The machine that shares the directory is the NFS server, and any machine that mounts it is an NFS client. This tutorial covers the server side: installing the service, exporting a directory safely, verifying it works, and fixing it when it doesn’t. The client side (mounting the share) is covered in a separate tutorial, linked at the end.
This guide is aimed at developers, sysadmins, and home-lab tinkerers running at least one Ubuntu machine that needs to hand out shared storage. You only need basic command-line skills to follow along, and everything here works on any modern Ubuntu LTS release.
Prerequisite
- Ubuntu (any modern LTS release)
Sudo Privileges
Before we start, let’s switch to root so we don’t hit permission issues during configuration.
sudo su
Install Dependencies
First, install the NFS server package.
apt update && apt install nfs-kernel-server
Create a Directory to Share
This is the directory that will be shared with the NFS clients. In Linux this is called the export directory. You can put it anywhere; for example:
mkdir -p /nfs/share
Now we need to decide who owns the files inside it. When a client writes a file, the NFS server has to map that write to some local user. By default the server squashes the client’s root user down to a low-privilege anonymous account so a remote root can’t act as root on your server’s files. On Ubuntu that anonymous account is nobody:nogroup. So we set the directory ownership to match:
chown -R nobody:nogroup /nfs/share
You will see a lot of older tutorials tell you to also run chmod -R 777 /nfs/share. That makes the directory world-writable, which is the quickest way to get a share working for a throwaway test, but it’s bad practice for anything you actually care about, because anyone who can reach the share can read, change, or delete every file in it. Use it only for a quick test:
chmod -R 777 /nfs/share # test boxes only, not production
For a real setup, leave the permissions sane (for example chmod -R 755 /nfs/share, or 775 if a specific group needs to write) and control access through the export options below instead. That’s the correct place to decide who gets to write.
Configure NFS Server
The NFS server needs to know which directories it’s allowed to share and who’s allowed to connect. That’s configured in the /etc/exports file.
nano /etc/exports
Add a line in this format:
/nfs/share <client ip/subnet>(rw,sync,no_subtree_check)
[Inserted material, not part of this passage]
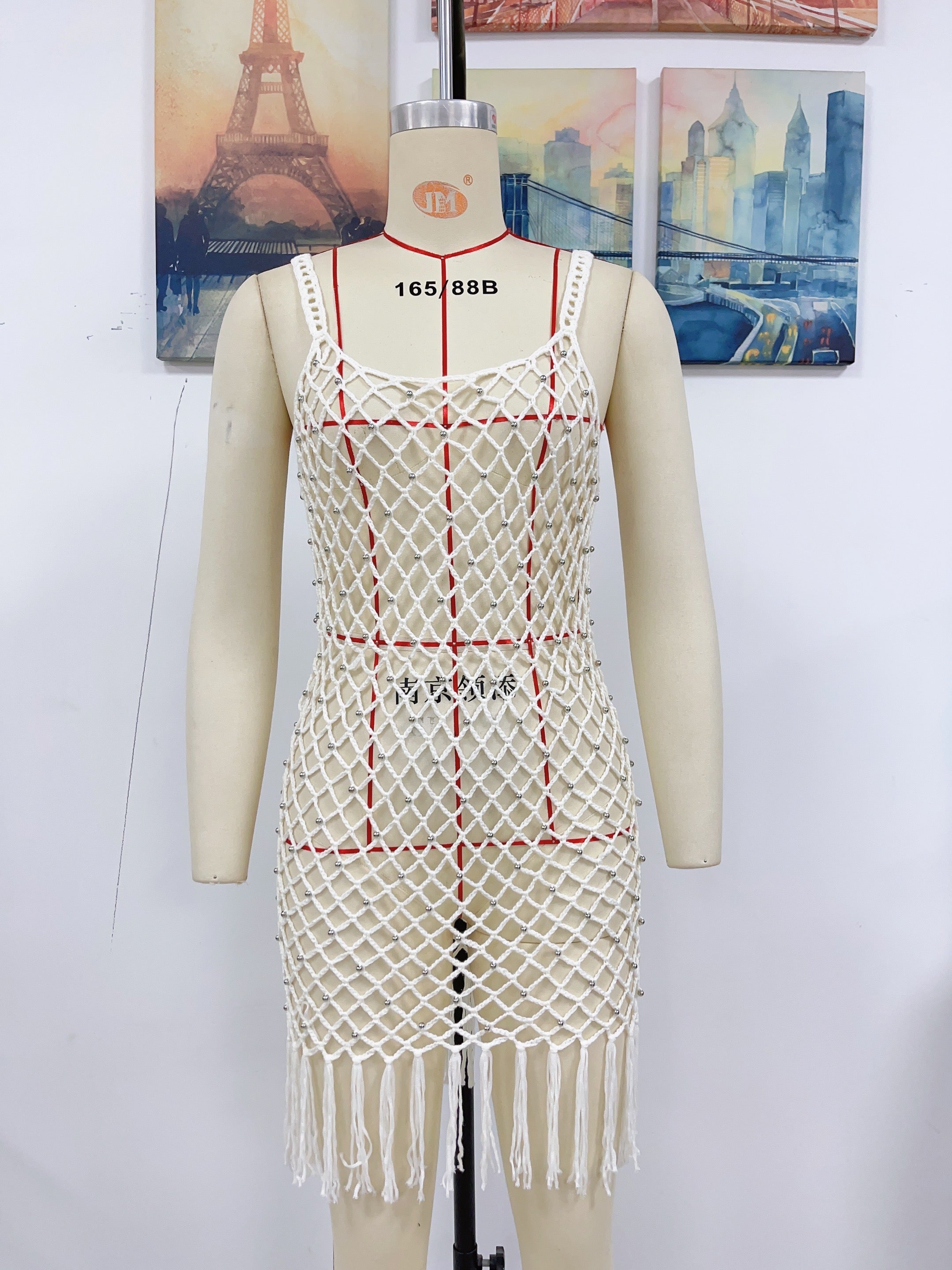 Spring Summer Spring Summer Camisole Sexy Beach Blouse Solid Color Hand Crocheting Tassel Blouse Bella Mia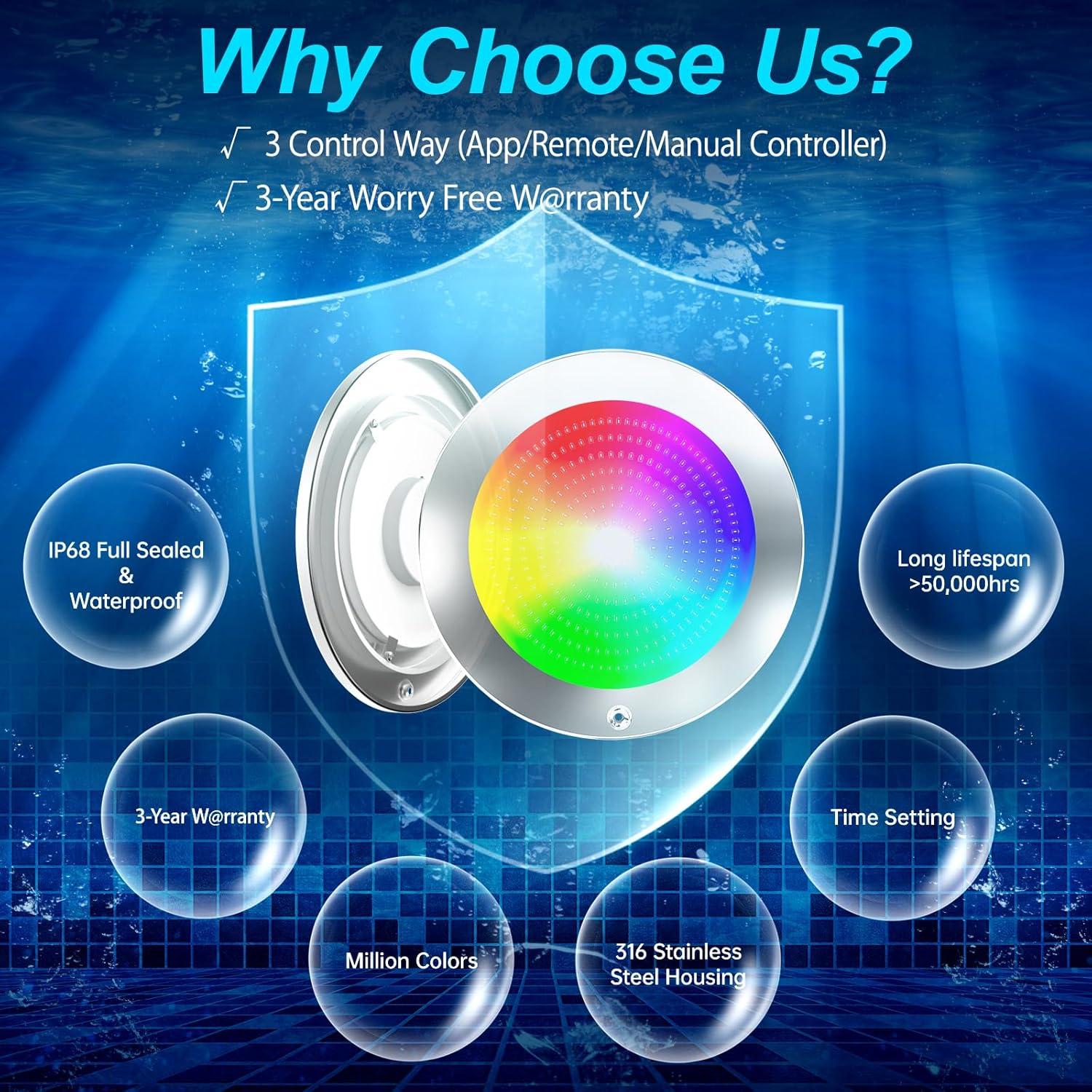 Luces LED Subacuáticas PoCare 10" 54W para Piscina Inground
Replace <client ip/subnet> with the IP address or subnet you expect clients to connect from. For example, to allow any host in the 192.168.5.0/24 subnet:
/nfs/share 192.168.5.0/24(rw,sync,no_subtree_check)
You can also use a wildcard (*) to accept connections from anywhere, but don’t do this on an untrusted network, since it lets any machine that can reach the server mount the share:
/nfs/share *(rw,sync,no_subtree_check)
What those options mean
It’s worth knowing what you’re turning on rather than copying the line blindly. Per the exports(5) man page:
- rw — allow both read and write requests. The default is read-only, so you need this if clients should be able to write.
- sync — reply to a write request only after the data has actually been committed to disk. This is the default, and it’s safer than
asyncbecause it protects against data loss if the server crashes. - no_subtree_check — disable subtree checking. This is the default on modern systems; it’s slightly less strict but more reliable, especially for directories where files get renamed often.
Locking down write access
The export options above control who can connect, but the squash options control what permissions their writes get. The relevant ones, again from exports(5):
- root_squash — map requests from the client’s root (uid/gid 0) to the anonymous account. This is the default, and you should keep it. It stops a remote root from owning files as root on your server.
- no_root_squash — turn root squashing off. Avoid this unless you have a very specific reason (it’s mainly meant for diskless clients).
- all_squash — map every client user, not just root, to the anonymous account. This is handy for a shared directory where you don’t care about individual user identity and just want everything owned by
nobody:nogroup. - anonuid / anongid — set exactly which uid/gid the squashed users map to. By default this is
65534(thenobody/nogroupaccount on Ubuntu). Use these if you want squashed writes to be owned by a specific local user instead.
So a more locked-down export that forces every client write to land as the anonymous user looks like this:
/nfs/share 192.168.5.0/24(rw,sync,no_subtree_check,all_squash,anonuid=65534,anongid=65534)
After editing the file, apply the exports:
exportfs -a
And restart the NFS server so everything is in a clean state:
systemctl restart nfs-kernel-server
Share Multiple Directories and Clients
The /etc/exports file isn’t limited to one line. You can export several directories, and you can give more than one client access to the same directory by listing each client (with its own options) separated by spaces. For example:
/nfs/share 192.168.5.0/24(rw,sync,no_subtree_check)
/nfs/readonly 192.168.5.10(ro,sync,no_subtree_check) 192.168.5.11(ro,sync,no_subtree_check)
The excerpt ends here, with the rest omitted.